A Thorny Recipe: Prickly Pear Cactus Dressing

Prickly pear cactus fruits

I often treat cooking as a mad science experiment. I find a food I haven’t tried much before, and see what I can do with it. This is how I sometimes end up with things like hot pink salad dressing.

I recently acquired some prickly pear cactus fruits. My previous experience with this fruit — known in Spanish as tuna — involved consuming a cactus fruit ice cream from a stall at Mercado la Paloma in downtown Los Angeles, and once trying to eat slices of the fruit raw, which I did not enjoy because of the hard little seeds. The flavor of the fruit is a bit like a mild mix of berry, melon, and cucumber.

This time, after browsing several web sites, I decided to try making a salad dressing from the prickly pear fruits. I scanned the other recipes but then invented my own:

  • Peel the prickly pear fruits. Cut into chunks. Puree. Strain.
  • Combine: 1/2 cup of this prickly pear puree (from about 3 fruits), 3 Tablespoons lime juice (from about 3 limes), 1/2 tsp sugar, about 1/3 cup canola oil, 1/4 teaspoon cayenne pepper, 1/2 teaspoon salt. I used the blender. Taste and adjust.
  • ( I think if you stopped after the sugar and added tequila, triple sec, and ice, you might be on the way to a decent prickly pear margarita. But I didn’t try that).

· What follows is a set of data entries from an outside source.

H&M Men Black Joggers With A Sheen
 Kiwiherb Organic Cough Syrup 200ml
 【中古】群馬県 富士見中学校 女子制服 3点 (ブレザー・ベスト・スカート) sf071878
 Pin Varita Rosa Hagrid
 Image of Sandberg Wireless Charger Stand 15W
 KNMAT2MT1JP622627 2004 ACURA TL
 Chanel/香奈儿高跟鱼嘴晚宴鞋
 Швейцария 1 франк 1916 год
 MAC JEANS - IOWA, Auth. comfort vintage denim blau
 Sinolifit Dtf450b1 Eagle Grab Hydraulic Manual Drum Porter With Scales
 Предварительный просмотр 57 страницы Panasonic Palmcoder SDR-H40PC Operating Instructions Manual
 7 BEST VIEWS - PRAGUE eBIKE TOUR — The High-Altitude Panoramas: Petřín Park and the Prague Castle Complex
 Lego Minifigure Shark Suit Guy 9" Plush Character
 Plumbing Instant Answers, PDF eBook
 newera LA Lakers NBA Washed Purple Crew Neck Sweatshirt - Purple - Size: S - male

Once I got it into my mind to make this dressing, I decided to make a salad of other Mexican/Southwestern fall ingredients. Using produce from the farmers’ market, I made a salad of:

  • Red leaf lettuce
  • Chopped jicama. I recently acquired a vegetable peeler with a serrated blade designed for soft produce with thin skins. It made short work of peeling the jicama, though with all those sharp little teeth on the blade, I had to be much more cautious about my fingers than I would with an ordinary peeler.
  • Sliced radishes. I used the mandoline I got for Christmas, which made neat, thin slices, though I’m not sure it saved time over slicing them with a knife.
  • Kernels of Corn. To cook corn easily, place a full ear of unshucked corn in the microwave and cook on high for 3 minutes. Then shuck it. Thanks, Jessica, for teaching me this method!
  • Roasted, salted pepitas (pumpkin/squash seeds)
  • Crumbled queso fresco (A Mexican cheese somewhat similar to feta)
  • Julienned carrots

Autumn salad with prickly pear dressing on the side

Here’s the thing: this dressing is bright pink. I think it may not have helped that I made it in the blender, which made it extra emulsified.
Hot pink prickly pear cactus salad dressing

That combination of ingredients makes an excellent salad. The slight sweetness and tanginess of the prickly pears give the dressing a complimentary flavor. The dressing and the salad taste good together… if you can get over the fact that it is all oozing with hot pink.

I actually tried making a traditional vinaigrette with red wine vinegar (which is pink too!) and eating it on the same salad. That looked normal, and probably would have tasted good to me, if I hadn’t already sampled the delicious and revolting cactus fruit dressing.